Incidentally, I feel I should mention that generally I manage the more socially awkward elements of this quite well, mostly. The last time I had a major ADD incident prior to this was in 2007-8, after a boy I worked with exposed himself, and I had a major anxiety reaction to this, heightened by the fact that, due to the structure and make up of the company, I was unable to make a formal complaint. When I made unofficial mention of it to the Director in charge of placements, he laughed, though in fairness he did also move the offending article of colleague to a different project and site. But the lack of being able to admit what happened meant that for a long time I was unable to really deal with it also. I failed to function well at work because I couldn't get the incident out of my head, outside of work I spent a horrific amount of time drunk to oblivion. Chances are people who knew me around then will remember a certain amount of the self destruct about my behaviour. Or at least a certain amount of idiocy.

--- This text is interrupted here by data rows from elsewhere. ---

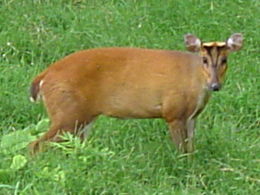 260px Muntjac deer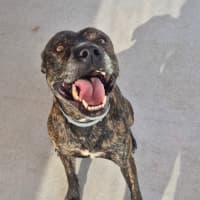 Photo of Chase (8999)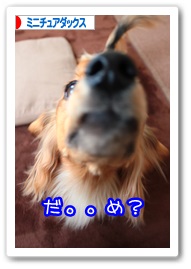 応援ありがとうございますワン!!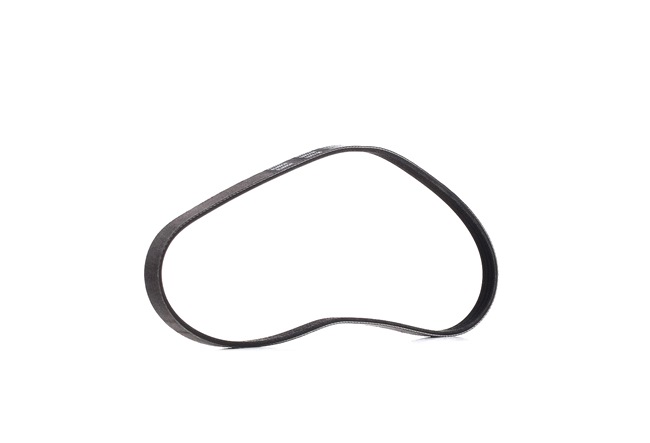 SAPPORO Correia trapezoidal estriada 305P0375P RIDEX PLUS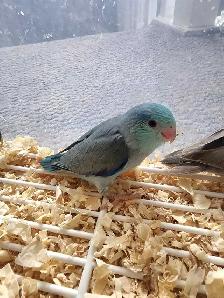 Hand-Fed and tamed Baby Parrotlets now available - Photo 2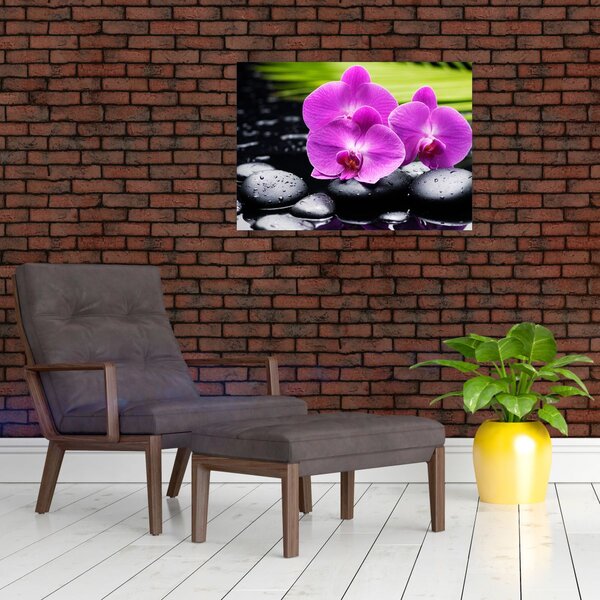 Obraz - Orchideje (70x50 cm)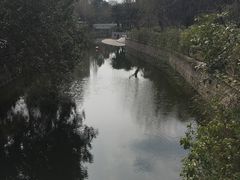 -兰溪青年公园
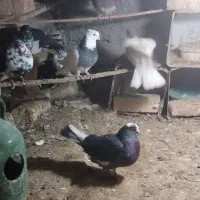 فروش یک عدد کبوتر طوقی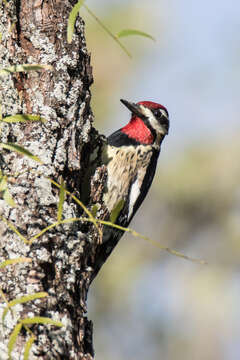 Image of Sapsucker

But I told you I'd found out what I'd done. Aside from these incidents, there was a vitriolic assassination of my character, my mannerisms and and general demeanour. There was comment that going to speak to the people you know at gigs is not okay, that being giddy and having fun and asking people you know if they want to come dance is not okay, that being in the same venue and occasionally finding yourself near someone else amounts to following them around. Behaviour, conceded to be how I am with everyone, was nonetheless taken personally and found to be embarrassing and offensive. And this is why sometimes having a mental health incident is a good thing. I know lovely people. Kind, compassionate, warm and understanding people. People who don't judge out of hand, who will ask you your side. People open and honest enough that if they ever find you going awry, they let you know. I am lucky in my friends. Some people are not meant to be my friend. And that's okay. I don't like everyone, I don't expect everyone to like me. But it is good to know where you stand. My world is peaceful again, and all is well.